Wednesday, April 27, 2016

Velimir Khlebnikov, Futurian with a curse on his head - as meaning glows in language - I give you my divine white brain

Leafing through The King of Time: Selected Writings of the Russian Futurian (Harvard, 1985, ed. Charlotte Douglas,  tr. Paul Schmidt), I think, did I read this book.  Already I am forgetting it, not because Khlebnikov is too much like other poets but because his work is too strange, too nonsensical.  I mean too nonsensical to remember easily.  Aesthetically, it is exactly as strange as it should be.

Dostoeskimo snowstorms!
Pushkincandescence of noon!
Night resembles Tiutchev,
Filling the unfathomable full of the unknown.  (p. 30, ca. 1915)

Or how about “Incantation by Laughter,” just a bit of it:

Hlahla!  Uthlofan, lauflings!
Hlahla!  Uthlofan, lauflings!
Who lawghen with lafe, who hlachen lewchly,
Hlahla!  Uthlofan hlouly!  (20, ca. 1910)

The editor writes that this is among Khlebnikov’s most famous poems.  That’s what the translator is up against.  Khlebnikov called this “zaum” or per Schmidt “beyonsense.”  He wrote poetry starting not just at the level of the word but of the syllable or even letter, exploiting and enjoying all of the arbitrary and delightful random correspondences among words.  Word ladders as poetry.

Glitter-letter wing-winker,
Gossamer grasshopper
Packs his belly-basket
With water-meadow grass.
Ping, ping, ping!
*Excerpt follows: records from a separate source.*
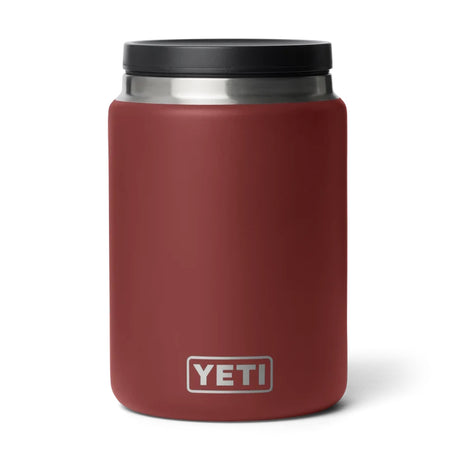 YETI | Rambler® 24 oz (710 ml) Insulated Food Jar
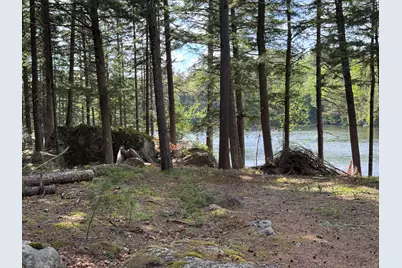 00 Elbow Lake Road, T3 Indian Purchase Twp, ME 04462 - Photo 5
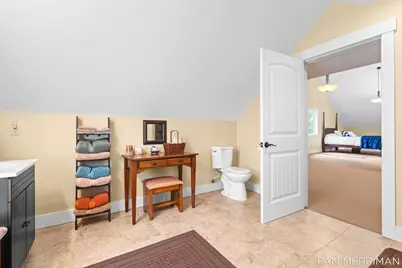 487 Sawyer Boulevard, Newaygo, MI 49337 - Photo 72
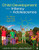 Child Development From Infancy to Adolescence: An Active Learning Approach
Throstle-whistle
Sing-song.
Swan-wing wonder!
Nightlessness! Brightness!  (24-5)

In “O Garden of Animals!” (1909), Khlebnikov’s first major poem, Schmidt can abandon the wordplay because the imagery is good enough:

Where a camel knows the essence of Buddhism, and suppresses a Chinese smile…

Where the bat hangs sleeping, and its capsized body resembles a Russian heart…
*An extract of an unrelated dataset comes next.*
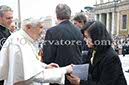 %_tempFileName23005_14042010%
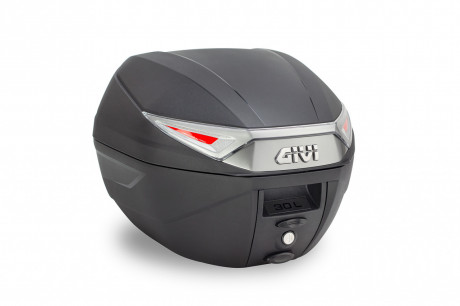 Kufr Givi C30NT Monolock 30 l.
Where I search for new rhythms, whose beats are animals and men.
Where the animals in their cages glow, as meaning glows in language.
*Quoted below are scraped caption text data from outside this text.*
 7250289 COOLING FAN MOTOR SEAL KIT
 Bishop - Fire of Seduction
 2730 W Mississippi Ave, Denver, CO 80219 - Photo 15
A little Futurian manifesto snuck in there at the end.

Khlebnikov’s poetry darkens with the Civil War and its ensuing catastrophes.  The opening lines of several poems from 1920 and 1921:

They used to have a cow
but they killed her.
***
Roast mouse.
***
Hunger herded humanity.  (pp. 46-50)

Khlebnikov died in 1922, just thirty-six, of malnutrition and repeated illnesses, as I might guess from this set of poems.  Yet others from the same time continue his linguistic ideas, or expand them in new directions:

Russia, I give you my divine
white brain.  Be me.  Be Khlebnikov.
I have sunk a foundation deep in the minds
of your people, I have laid down an axis.
I have built a house on a firm foundation.
“We are Futurians.”
And I did all that as a beggarman,
a thief, a man with a curse on his head.  (53-4)

Only about 50 pages of The King of Time is poetry.  The rest has stories, manifestos (“Projects for the Future”), paintings and photographs by and of Khlebnikov, and other strange stuff, plus a timeline of great utility.  In 1912, for example, Khlebnikov “[c]ontributes to A Slap in the Face of Public Taste,” which right there tells you why The King of Time – this entire period of Russian literature – is so exciting for readers with the patience for it.

17 comments:

  1. Have you read A.D. Hope? Sonnet V in his Sonnets to Baudelaire? http://www.poetrylibrary.edu.au/poets/hope-a-d/sonnets-to-baudelaire-0146103 both laughs at and acknowledges Khlebnikov and the Futurists'/Futurians' absursity ans admirability.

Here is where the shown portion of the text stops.